Jamais je n'ai visité un lieu aussi torturé par le mal qui s'est déroulé la bas.
J'ai ressenti la douleur et la tristesse du lieu.
Je me souviens des baraquements, du four crématoire, des barbelés, des miradors, mais surtout d'une douleur palpable, d'une atmosphère pesante, des âmes tourmentées....tout cela tournait autour de moi.
Une atmosphère lourde, "un brouillard psychologique à couper au couteau".
Tout cela est difficile à commenter et à expliquer. On dit que les enfants sont plus réceptifs que les adultes, je peux vous assurer que cela est vrai.
J'ai eu deux grands pères qui ont participé au second conflit mondial. L'un a été fait prisonnier à Zuydcoote dans la poche de Dunkerque en 1940, l'autre a été un grand résistant dans le département du nord, réseau " Voix du Nord".
Toute ma prime jeunesse a été abreuvée de récits de résistance, de tortures, de personnes parties en déportation à Ravensbrück, Dachau, Buchenwald, Mauthausen... pourtant rien ne m'avait préparé à ce que j'ai pu découvrir, et ressentir dans ce lieu d'horreur et de tristesse infinie.
Je suis croyant, je crois en la persistance de l'âme après la mort.
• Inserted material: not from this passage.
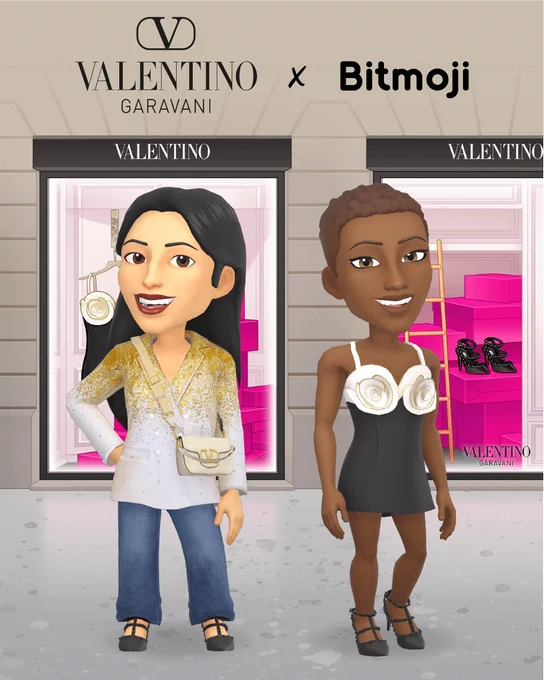 Two happy Bitmoji avatars pose wearing their new Valentino x Bitmoji outfits, Valentino Garavani x Bitmoji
Et c'est exactement ce que j'ai pu ressentir du haut de mes 5 ans. Des âmes tourmentées encore emprisonnées dans ce lieu maudit. Mon père était un instituteur, un "hussard de la république", bien loin des croyances que j'ai eues plus tard...
Au sortir du camps, il a dit à ma mère : " il est trop jeune, il n'a rien compris..." J'avais malheureusement trop bien compris.
Par la suite, quand j'ai appris les évènements de la seconde guerre mondiale, et les exactions du III° Reich, il n'était pas besoin de m'expliquer en détail...
Je n'ai ressenti un malaise aussi palpable qu'en marchant sur le sommet de la coupole de Wizernes, la seconde base de V 2 allemande dans le Pas de Calais. J'avais alors 19 ans, et j'étais un féru de découvertes des artefacts allemands de la seconde guerre mondiale.
Le site était alors à l'abandon, et j'ai eu la chance de discuter avec un paysan du cru, qui m'a raconté l'histoire du lieu qu'il avait vécue, en me décrivant notamment une empreinte de pied sur le béton de la coupole...une empreinte de pied de femme...laissée par une des esclaves polonaises ou russes, employées pour la construction du site.
Là, sous le chaud soleil d'une journée de juillet, vers 16h00, j'ai ressenti un immense malaise, quelque chose de comparable à ma visite du Struthof, 14 ans plus tôt. Une impression de tristesse, de douleur, de rejet...j'ai redescendu la coupole au trot, et je me suis lavé copieusement de la poussière de ce lieu maudit.
Quand j'ai ramené ma femme et mes deux fils de 16 et 10 ans, en 2015 au Struthof, et à la coupole de Wizernes, je n'ai plus ressenti cette atmosphère de douleur.
Quoique ces endroits soient toujours propices au recueillement et à l'hommage pour les personnes ayant souffert en ces lieux, j'ai la conviction et l'espérance que chaque personne, touriste ayant visité ces lieux , ont apporté un peu d'Esperance et emporté avec eux, un peu de la tristesse des lieux, pour que les âmes puissent enfin accéder à la Paix...
Voici mon témoignage d'enfant d'il y a 46 ans à présent ...Il vaut ce qu'il vaut, d'après mon interprétation. Jamais je n'ai parlé de cela à qui ce soit.